2010年2月2日火曜日
[書籍]: フリー~〈無料〉からお金を生みだす新戦略
最近あちこちで平積みされている本.著者はかの有名なAmazonのロングテール戦略についての本を書いたクリス・アンダーソン.内容についてはAmazonのレビューなどを参考にして欲しい.
この本では「稀少」と「潤沢」についての話が書かれており,具体的な過去の例などを通じてこれまで稀少だった物が潤沢になると世の中はどうなっていくのかということについて言及している.
「稀少」なモノに人はお金を払うが,「潤沢」なモノは無料(もしくは無視できるほど安い価格)で提供されるため,それ自体で経済的利益を得ることは難しい.
しかし,潤沢なモノそれ自体で稼がなくても,それによって得られる非経済的な価値(評価と注目)をうまく使えば,それを元に稀少なモノを提供することでお金を稼ぐことはできる,という話.
例えば,ニコ動なんかで趣味で高品質な作品をUPしている人の所に出版社や起業が書籍化や広告コンテンツの作成を依頼するなんていうモデルもこれに含まれるのではないかと思った.
しかし,この本の後半にも書かれていたが,リーマンショック以前の経済状況であればそうした非経済的な価値(例えばユーザー数やアクセス数など)を集めていれば,どこかの起業(西海岸ならGoogle)がその内買収してくれるという回収モデルが確立していたが,現在ではなかなかそうはいかず,早い段階で経済的な利益を得る必要があるという問題が出てきている.
この問題については現在進行中なのでどうなっていくのか分からないが,とにかく話題性を集めてexitする,という戦略はやりにくくなったように思える.

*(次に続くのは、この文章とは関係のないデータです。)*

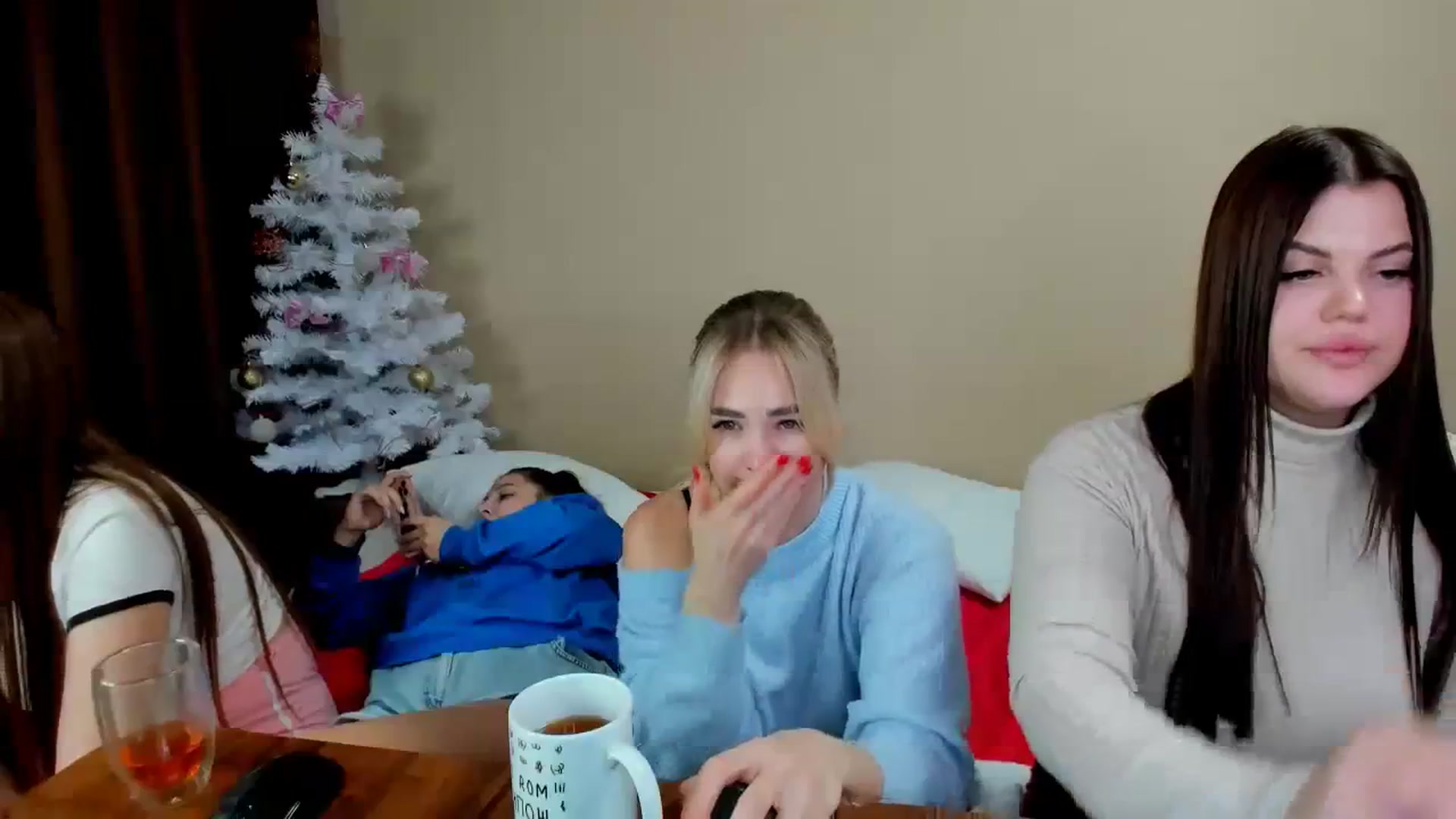 Gallery image thumbnail from MerlinStoun's myfreecams stream on, 12/24/2023, 11:13 image 11 of 20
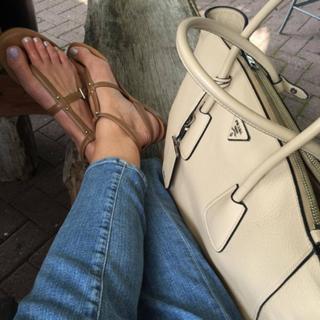 Lisa Snowdon feet photo thumbnail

何にせよ,この本はWeb界隈のビジネスに興味がある人,特にこれから自分でサービスを立ち上げてみようと少しでも考えている人にはお勧めだと思う.既存のビジネスモデル(海外なのでそのまま国内では使えないと思うが)の具体例などもあるため,参考になる.
本が分厚くて読む気が起きず,2週間ほど詰んでいたのだが単に紙が分厚いだけだった(350ページくらい)ので,1〜2日もあれば読み切れると思うのでぜひ.